Daesitiates were an Illyrian tribe that lived on the territory of today's central Bosnia, during the time of the Roman Republic. Along with the Maezaei, the Daesitiates were part of the western group of Pannonians in Roman Dalmatia. They were prominent from the end of the 4th century BC up until the beginning of the 3rd century CE. Evidence of their daily activities can be found in literary sources, as well as in the rich material finds from Central Bosnian cultural group that is commonly associated with tribe of Daesitiates.

Etymology 

The name is thought to be connected to the Illyrian word for ram.
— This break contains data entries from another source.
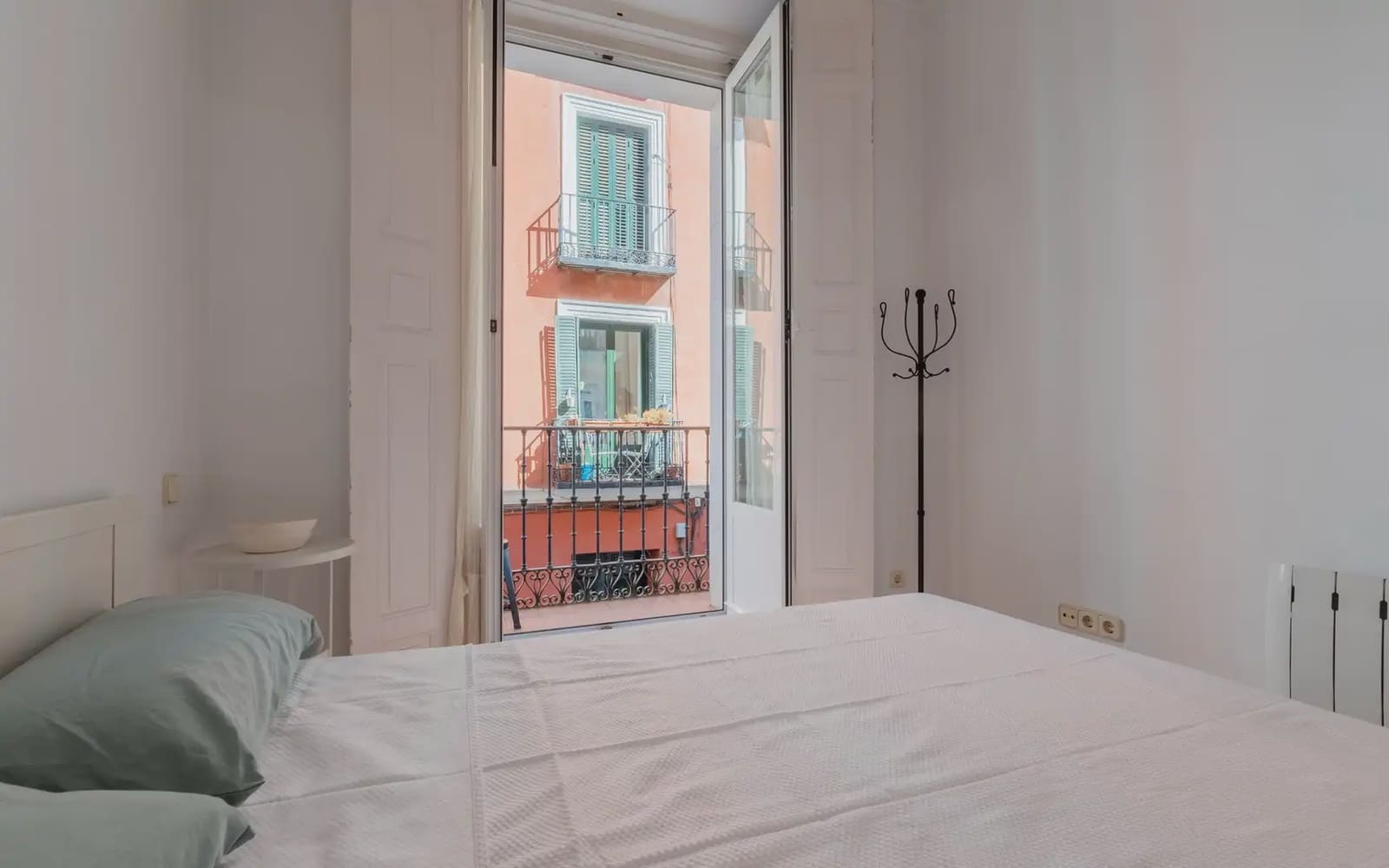2 Zimmer Wohnung zu vermieten in Madrid Stadt - 1.700 € (Ref: 10156826)
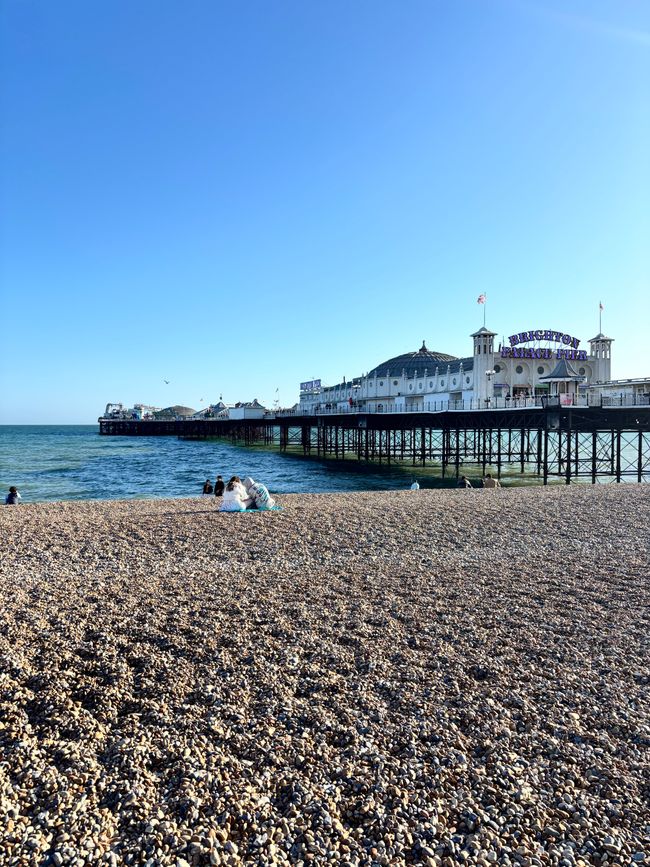 Brighton Pier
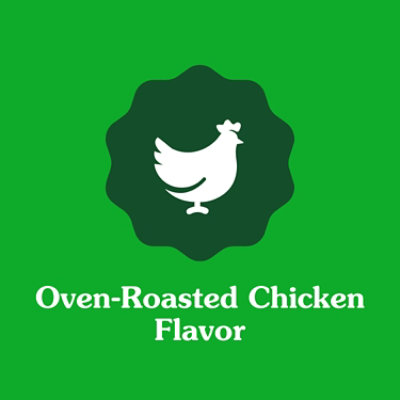 Feline Greenies Oven Roasted Chicken Flavor Adult Natural Dental Care Cat Treats - 4.6 Oz - Image 3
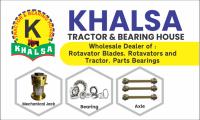 Khalsa Tractor & Bearing House.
It is also believed that it may derive from the Proto-Albanian term for ram, *dalša

History 

The Illyrian tribe Daesitiates lived on the territory of today's central Bosnia, during the time of the Roman Republic, and along with the Maezaei, they were part of the western group of Pannonians in Roman Dalmatia. Because the Daesitiates were present during Roman rule in the western Balkans, their name can be found in many inscriptions and historical works of ancient writers. During the 19th century, scientific interest in the Daesitiates materialized whereby research was focused in parts of Upper Bosnia. However, all research efforts have yet to provide a complete analysis of the Daesitiates. They were one of the main components of the Illyrian ethno-cultural complex that stretched from the southern Adriatic to the Danube in the north. The capital of the tribe could be in the modern day town of Breza located in central part of Bosnia. They developed cohesive community that was characterized by clearly defined political, social and economic structures. Because of their favorable geographical position and rich ore deposits and fertile land they played significant role among neighboring Illyrian tribes. They have developed a degree of cultural unity and several organized centres.

Roman Empire 

After nearly three centuries of political independence, the Daesitiates (and their polity) were conquered by Roman Emperor Augustus. Afterwards, the Daesitiates were incorporated into the province of Illyricum with a low total of 103 decuriae. Ultimately, the widening gap between the Roman government and its subjects in Illyricum led to the Great Illyrian revolt, which began in the spring of 6 AD.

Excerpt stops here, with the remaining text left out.